Material for the task:
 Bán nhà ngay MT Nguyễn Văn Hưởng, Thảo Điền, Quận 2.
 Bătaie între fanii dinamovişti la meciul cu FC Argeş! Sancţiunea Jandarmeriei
* * *
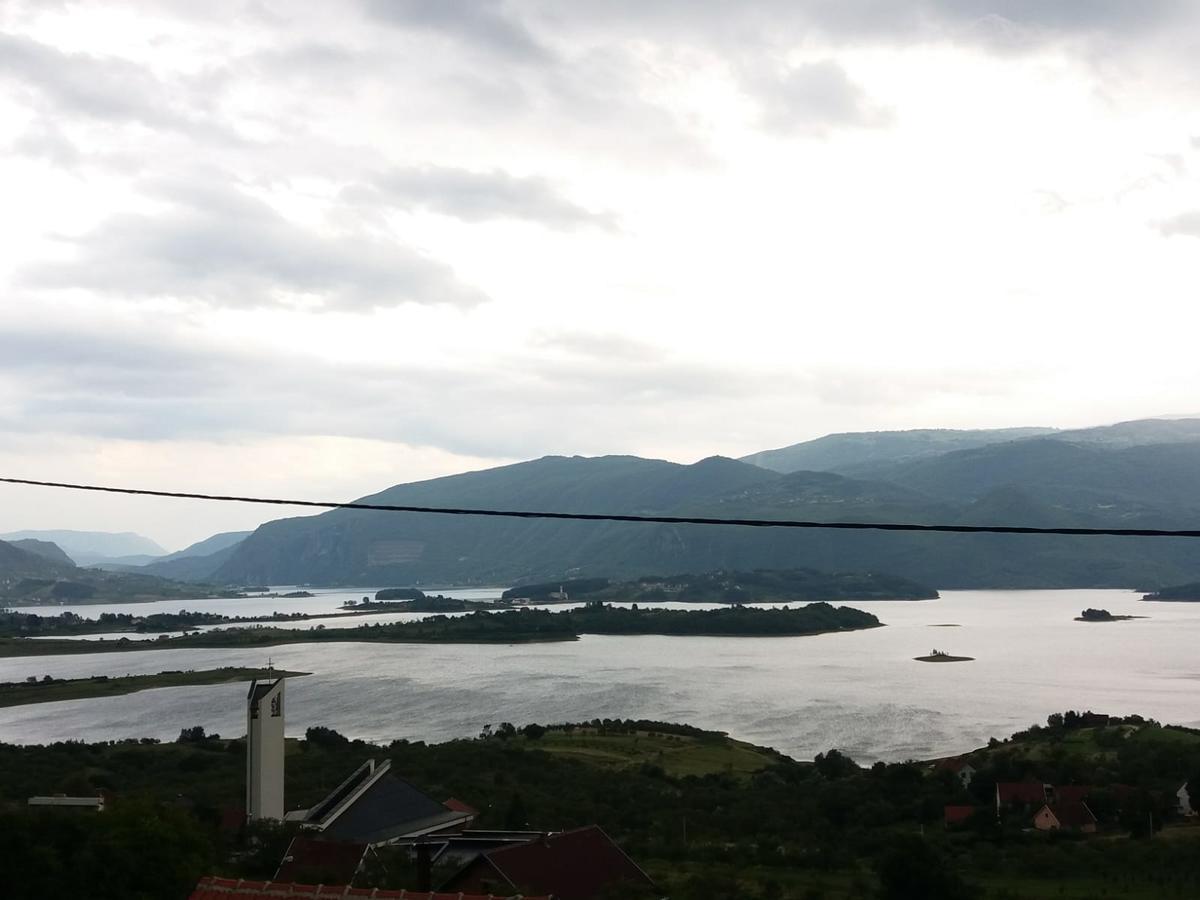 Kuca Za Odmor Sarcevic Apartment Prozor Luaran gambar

Problem details: In the material above, find the line containing "Bán nhà ngay" and the line containing "Bătaie între fanii", then write out exactly those two lines and every line between them, and nothing more.

Solved problem:
 Bán nhà ngay MT Nguyễn Văn Hưởng, Thảo Điền, Quận 2.
 Bătaie între fanii dinamovişti la meciul cu FC Argeş! Sancţiunea Jandarmeriei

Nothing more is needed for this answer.